Your goal:
An exact copy of every record is the required answer.

::: Given data :::

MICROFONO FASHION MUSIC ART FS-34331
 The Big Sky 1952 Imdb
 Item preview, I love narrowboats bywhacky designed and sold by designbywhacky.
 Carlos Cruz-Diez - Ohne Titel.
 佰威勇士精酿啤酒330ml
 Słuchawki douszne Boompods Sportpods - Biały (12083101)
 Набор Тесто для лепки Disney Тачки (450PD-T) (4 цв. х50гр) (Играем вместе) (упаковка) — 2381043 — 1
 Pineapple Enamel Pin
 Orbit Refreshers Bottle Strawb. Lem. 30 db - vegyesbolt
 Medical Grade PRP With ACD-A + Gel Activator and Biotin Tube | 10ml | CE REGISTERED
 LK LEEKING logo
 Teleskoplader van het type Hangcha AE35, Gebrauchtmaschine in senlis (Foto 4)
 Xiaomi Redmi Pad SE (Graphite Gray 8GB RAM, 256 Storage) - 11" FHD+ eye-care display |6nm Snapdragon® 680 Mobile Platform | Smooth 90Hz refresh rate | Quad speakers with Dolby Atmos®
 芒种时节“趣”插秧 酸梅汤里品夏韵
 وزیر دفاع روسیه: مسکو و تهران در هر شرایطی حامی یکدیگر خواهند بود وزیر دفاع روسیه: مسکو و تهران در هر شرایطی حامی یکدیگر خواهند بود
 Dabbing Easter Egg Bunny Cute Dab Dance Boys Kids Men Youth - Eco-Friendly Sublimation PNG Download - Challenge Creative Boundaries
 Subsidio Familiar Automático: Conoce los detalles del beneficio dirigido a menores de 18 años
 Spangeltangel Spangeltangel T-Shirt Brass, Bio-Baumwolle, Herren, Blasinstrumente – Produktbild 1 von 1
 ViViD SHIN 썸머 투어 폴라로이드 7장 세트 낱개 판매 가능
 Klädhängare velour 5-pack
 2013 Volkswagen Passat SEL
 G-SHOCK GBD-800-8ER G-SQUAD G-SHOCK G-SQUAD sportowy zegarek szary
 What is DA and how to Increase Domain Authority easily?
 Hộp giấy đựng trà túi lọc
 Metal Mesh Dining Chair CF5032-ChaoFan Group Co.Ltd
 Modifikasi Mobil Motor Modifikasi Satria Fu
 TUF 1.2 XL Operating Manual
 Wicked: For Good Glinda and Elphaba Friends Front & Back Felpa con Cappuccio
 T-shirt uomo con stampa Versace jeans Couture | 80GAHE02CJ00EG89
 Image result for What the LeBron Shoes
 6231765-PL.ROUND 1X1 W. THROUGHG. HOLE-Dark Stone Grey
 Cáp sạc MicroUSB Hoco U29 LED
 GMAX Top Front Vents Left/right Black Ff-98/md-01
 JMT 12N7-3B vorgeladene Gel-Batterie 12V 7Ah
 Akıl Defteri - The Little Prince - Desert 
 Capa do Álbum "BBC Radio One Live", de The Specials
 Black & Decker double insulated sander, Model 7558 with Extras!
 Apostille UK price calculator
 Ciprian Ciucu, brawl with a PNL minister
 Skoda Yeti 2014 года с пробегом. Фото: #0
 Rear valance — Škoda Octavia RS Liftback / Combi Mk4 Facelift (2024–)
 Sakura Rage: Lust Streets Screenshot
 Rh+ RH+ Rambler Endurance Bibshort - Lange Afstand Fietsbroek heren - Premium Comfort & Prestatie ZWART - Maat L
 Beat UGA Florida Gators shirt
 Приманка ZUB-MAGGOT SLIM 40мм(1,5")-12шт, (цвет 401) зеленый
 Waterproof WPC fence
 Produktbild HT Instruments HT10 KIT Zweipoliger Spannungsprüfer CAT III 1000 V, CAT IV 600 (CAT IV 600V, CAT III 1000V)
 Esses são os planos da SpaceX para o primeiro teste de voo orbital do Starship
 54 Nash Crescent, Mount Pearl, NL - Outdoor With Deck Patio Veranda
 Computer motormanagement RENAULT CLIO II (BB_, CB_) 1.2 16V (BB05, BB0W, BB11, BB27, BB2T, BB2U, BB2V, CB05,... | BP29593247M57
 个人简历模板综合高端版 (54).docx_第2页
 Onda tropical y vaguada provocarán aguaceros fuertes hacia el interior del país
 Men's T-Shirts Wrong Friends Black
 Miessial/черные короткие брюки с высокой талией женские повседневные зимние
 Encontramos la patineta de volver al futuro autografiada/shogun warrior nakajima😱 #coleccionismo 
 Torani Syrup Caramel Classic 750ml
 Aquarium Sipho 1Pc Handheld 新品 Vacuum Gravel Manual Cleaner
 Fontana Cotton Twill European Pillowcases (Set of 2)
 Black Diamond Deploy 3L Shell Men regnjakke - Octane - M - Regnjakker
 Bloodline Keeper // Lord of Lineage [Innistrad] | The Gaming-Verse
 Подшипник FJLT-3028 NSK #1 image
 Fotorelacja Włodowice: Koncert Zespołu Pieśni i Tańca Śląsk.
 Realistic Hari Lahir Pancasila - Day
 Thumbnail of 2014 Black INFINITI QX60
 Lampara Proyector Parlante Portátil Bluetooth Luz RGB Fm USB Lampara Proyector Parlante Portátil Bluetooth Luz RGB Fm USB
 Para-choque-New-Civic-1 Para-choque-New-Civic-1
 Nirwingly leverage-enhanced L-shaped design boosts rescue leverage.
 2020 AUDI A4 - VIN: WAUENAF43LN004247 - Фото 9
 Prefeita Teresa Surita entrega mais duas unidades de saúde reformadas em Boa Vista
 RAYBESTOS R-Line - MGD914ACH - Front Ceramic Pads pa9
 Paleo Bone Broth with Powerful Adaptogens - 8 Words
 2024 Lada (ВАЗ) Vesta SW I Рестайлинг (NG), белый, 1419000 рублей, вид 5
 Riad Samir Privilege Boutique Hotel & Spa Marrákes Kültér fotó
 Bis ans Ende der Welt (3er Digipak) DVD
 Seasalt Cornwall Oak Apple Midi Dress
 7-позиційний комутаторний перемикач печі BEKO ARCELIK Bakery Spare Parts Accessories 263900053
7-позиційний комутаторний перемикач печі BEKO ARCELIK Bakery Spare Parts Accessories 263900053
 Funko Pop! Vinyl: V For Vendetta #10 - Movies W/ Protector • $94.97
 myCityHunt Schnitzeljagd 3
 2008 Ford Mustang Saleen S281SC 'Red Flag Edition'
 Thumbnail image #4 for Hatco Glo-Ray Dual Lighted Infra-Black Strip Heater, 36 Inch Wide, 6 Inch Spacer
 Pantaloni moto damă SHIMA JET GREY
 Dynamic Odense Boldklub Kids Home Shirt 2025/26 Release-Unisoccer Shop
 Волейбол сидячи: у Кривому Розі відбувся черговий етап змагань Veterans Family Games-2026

:::

Solved problem:
MICROFONO FASHION MUSIC ART FS-34331
 The Big Sky 1952 Imdb
 Item preview, I love narrowboats bywhacky designed and sold by designbywhacky.
 Carlos Cruz-Diez - Ohne Titel.
 佰威勇士精酿啤酒330ml
 Słuchawki douszne Boompods Sportpods - Biały (12083101)
 Набор Тесто для лепки Disney Тачки (450PD-T) (4 цв. х50гр) (Играем вместе) (упаковка) — 2381043 — 1
 Pineapple Enamel Pin
 Orbit Refreshers Bottle Strawb. Lem. 30 db - vegyesbolt
 Medical Grade PRP With ACD-A + Gel Activator and Biotin Tube | 10ml | CE REGISTERED
 LK LEEKING logo
 Teleskoplader van het type Hangcha AE35, Gebrauchtmaschine in senlis (Foto 4)
 Xiaomi Redmi Pad SE (Graphite Gray 8GB RAM, 256 Storage) - 11" FHD+ eye-care display |6nm Snapdragon® 680 Mobile Platform | Smooth 90Hz refresh rate | Quad speakers with Dolby Atmos®
 芒种时节“趣”插秧 酸梅汤里品夏韵
 وزیر دفاع روسیه: مسکو و تهران در هر شرایطی حامی یکدیگر خواهند بود وزیر دفاع روسیه: مسکو و تهران در هر شرایطی حامی یکدیگر خواهند بود
 Dabbing Easter Egg Bunny Cute Dab Dance Boys Kids Men Youth - Eco-Friendly Sublimation PNG Download - Challenge Creative Boundaries
 Subsidio Familiar Automático: Conoce los detalles del beneficio dirigido a menores de 18 años
 Spangeltangel Spangeltangel T-Shirt Brass, Bio-Baumwolle, Herren, Blasinstrumente – Produktbild 1 von 1
 ViViD SHIN 썸머 투어 폴라로이드 7장 세트 낱개 판매 가능
 Klädhängare velour 5-pack
 2013 Volkswagen Passat SEL
 G-SHOCK GBD-800-8ER G-SQUAD G-SHOCK G-SQUAD sportowy zegarek szary
 What is DA and how to Increase Domain Authority easily?
 Hộp giấy đựng trà túi lọc
 Metal Mesh Dining Chair CF5032-ChaoFan Group Co.Ltd
 Modifikasi Mobil Motor Modifikasi Satria Fu
 TUF 1.2 XL Operating Manual
 Wicked: For Good Glinda and Elphaba Friends Front & Back Felpa con Cappuccio
 T-shirt uomo con stampa Versace jeans Couture | 80GAHE02CJ00EG89
 Image result for What the LeBron Shoes
 6231765-PL.ROUND 1X1 W. THROUGHG. HOLE-Dark Stone Grey
 Cáp sạc MicroUSB Hoco U29 LED
 GMAX Top Front Vents Left/right Black Ff-98/md-01
 JMT 12N7-3B vorgeladene Gel-Batterie 12V 7Ah
 Akıl Defteri - The Little Prince - Desert 
 Capa do Álbum "BBC Radio One Live", de The Specials
 Black & Decker double insulated sander, Model 7558 with Extras!
 Apostille UK price calculator
 Ciprian Ciucu, brawl with a PNL minister
 Skoda Yeti 2014 года с пробегом. Фото: #0
 Rear valance — Škoda Octavia RS Liftback / Combi Mk4 Facelift (2024–)
 Sakura Rage: Lust Streets Screenshot
 Rh+ RH+ Rambler Endurance Bibshort - Lange Afstand Fietsbroek heren - Premium Comfort & Prestatie ZWART - Maat L
 Beat UGA Florida Gators shirt
 Приманка ZUB-MAGGOT SLIM 40мм(1,5")-12шт, (цвет 401) зеленый
 Waterproof WPC fence
 Produktbild HT Instruments HT10 KIT Zweipoliger Spannungsprüfer CAT III 1000 V, CAT IV 600 (CAT IV 600V, CAT III 1000V)
 Esses são os planos da SpaceX para o primeiro teste de voo orbital do Starship
 54 Nash Crescent, Mount Pearl, NL - Outdoor With Deck Patio Veranda
 Computer motormanagement RENAULT CLIO II (BB_, CB_) 1.2 16V (BB05, BB0W, BB11, BB27, BB2T, BB2U, BB2V, CB05,... | BP29593247M57
 个人简历模板综合高端版 (54).docx_第2页
 Onda tropical y vaguada provocarán aguaceros fuertes hacia el interior del país
 Men's T-Shirts Wrong Friends Black
 Miessial/черные короткие брюки с высокой талией женские повседневные зимние
 Encontramos la patineta de volver al futuro autografiada/shogun warrior nakajima😱 #coleccionismo 
 Torani Syrup Caramel Classic 750ml
 Aquarium Sipho 1Pc Handheld 新品 Vacuum Gravel Manual Cleaner
 Fontana Cotton Twill European Pillowcases (Set of 2)
 Black Diamond Deploy 3L Shell Men regnjakke - Octane - M - Regnjakker
 Bloodline Keeper // Lord of Lineage [Innistrad] | The Gaming-Verse
 Подшипник FJLT-3028 NSK #1 image
 Fotorelacja Włodowice: Koncert Zespołu Pieśni i Tańca Śląsk.
 Realistic Hari Lahir Pancasila - Day
 Thumbnail of 2014 Black INFINITI QX60
 Lampara Proyector Parlante Portátil Bluetooth Luz RGB Fm USB Lampara Proyector Parlante Portátil Bluetooth Luz RGB Fm USB
 Para-choque-New-Civic-1 Para-choque-New-Civic-1
 Nirwingly leverage-enhanced L-shaped design boosts rescue leverage.
 2020 AUDI A4 - VIN: WAUENAF43LN004247 - Фото 9
 Prefeita Teresa Surita entrega mais duas unidades de saúde reformadas em Boa Vista
 RAYBESTOS R-Line - MGD914ACH - Front Ceramic Pads pa9
 Paleo Bone Broth with Powerful Adaptogens - 8 Words
 2024 Lada (ВАЗ) Vesta SW I Рестайлинг (NG), белый, 1419000 рублей, вид 5
 Riad Samir Privilege Boutique Hotel & Spa Marrákes Kültér fotó
 Bis ans Ende der Welt (3er Digipak) DVD
 Seasalt Cornwall Oak Apple Midi Dress
 7-позиційний комутаторний перемикач печі BEKO ARCELIK Bakery Spare Parts Accessories 263900053
7-позиційний комутаторний перемикач печі BEKO ARCELIK Bakery Spare Parts Accessories 263900053
 Funko Pop! Vinyl: V For Vendetta #10 - Movies W/ Protector • $94.97
 myCityHunt Schnitzeljagd 3
 2008 Ford Mustang Saleen S281SC 'Red Flag Edition'
 Thumbnail image #4 for Hatco Glo-Ray Dual Lighted Infra-Black Strip Heater, 36 Inch Wide, 6 Inch Spacer
 Pantaloni moto damă SHIMA JET GREY
 Dynamic Odense Boldklub Kids Home Shirt 2025/26 Release-Unisoccer Shop
 Волейбол сидячи: у Кривому Розі відбувся черговий етап змагань Veterans Family Games-2026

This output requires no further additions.